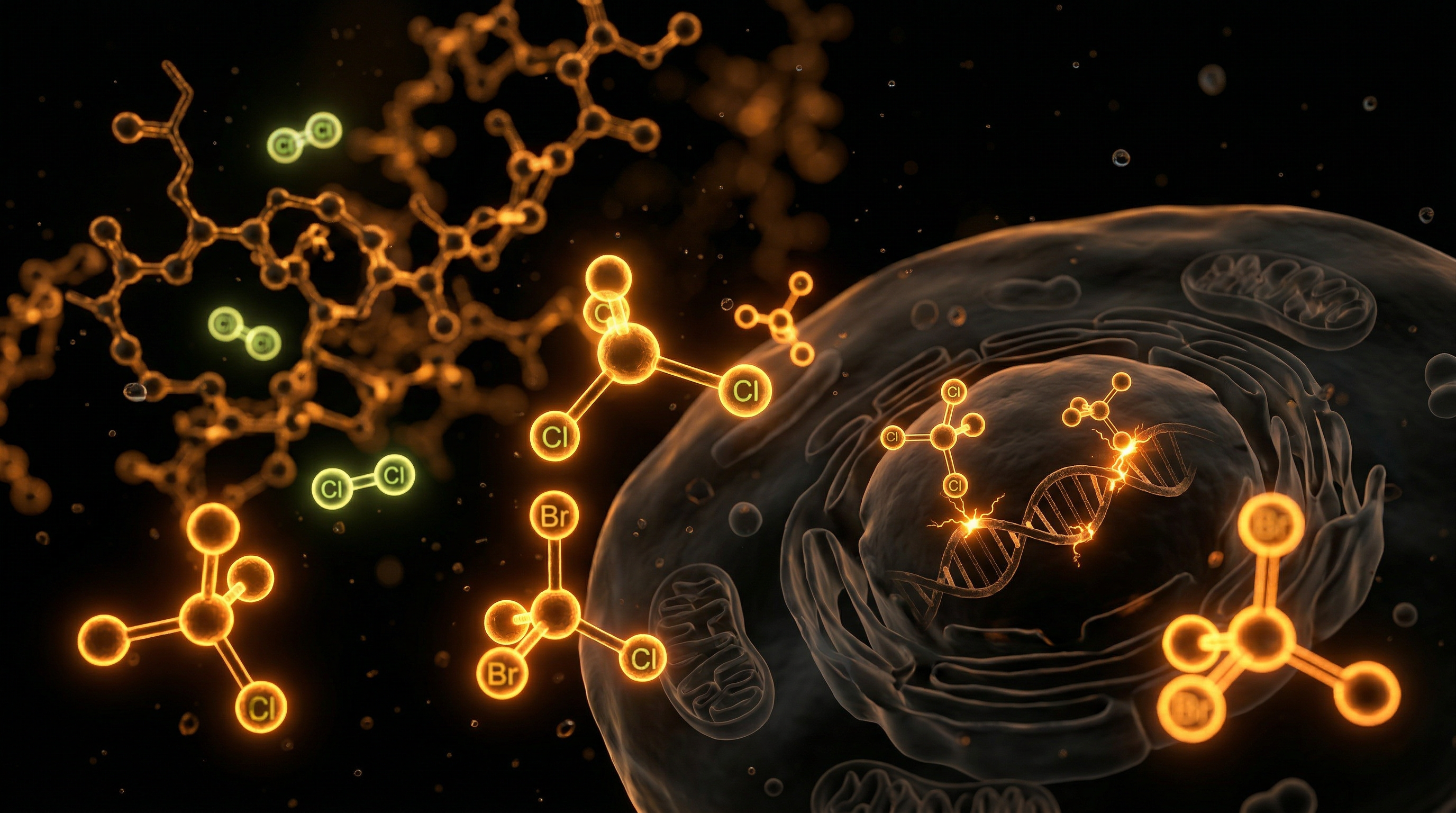Scientific illustration for Trihalomethanes: The Carcinogenic Byproducts of UK Chlorination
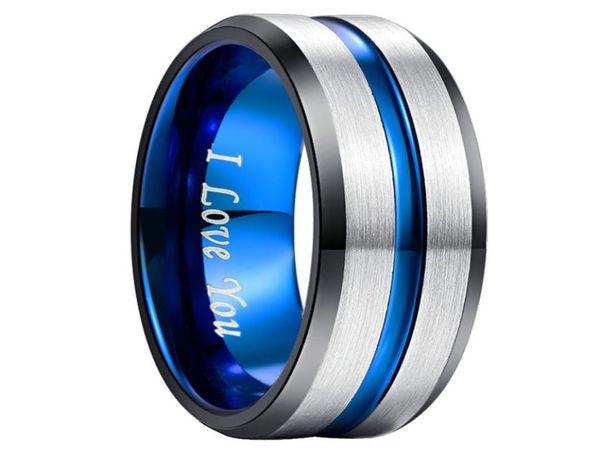 

8mm width tungsten men039s ring black electroplated inner ring bevel blue groove steel frosted tungsten steel5273856, Slivery;golden
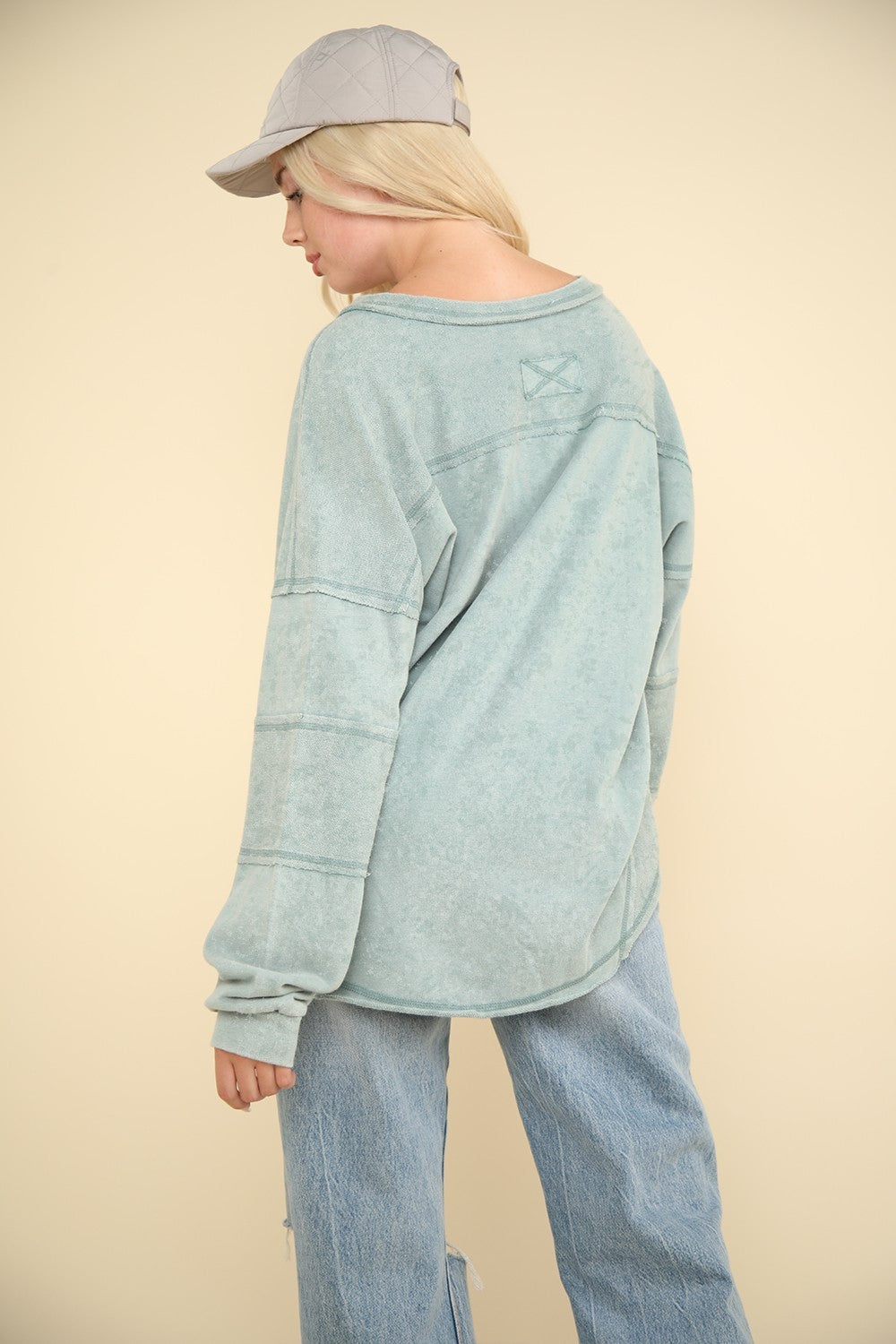 VERY J Washed V-Neck Exposed Seam Knit Top - The Daily Makeover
☆ ☆ ☆ ☆ ☆ ☆ ☆
* Work instruction
Before handing back the copy, remove the pictures; otherwise print the data exactly.

* Answer below
Scientific illustration for Trihalomethanes: The Carcinogenic Byproducts of UK Chlorination

8mm width tungsten men039s ring black electroplated inner ring bevel blue groove steel frosted tungsten steel5273856, Slivery;golden
 VERY J Washed V-Neck Exposed Seam Knit Top - The Daily Makeover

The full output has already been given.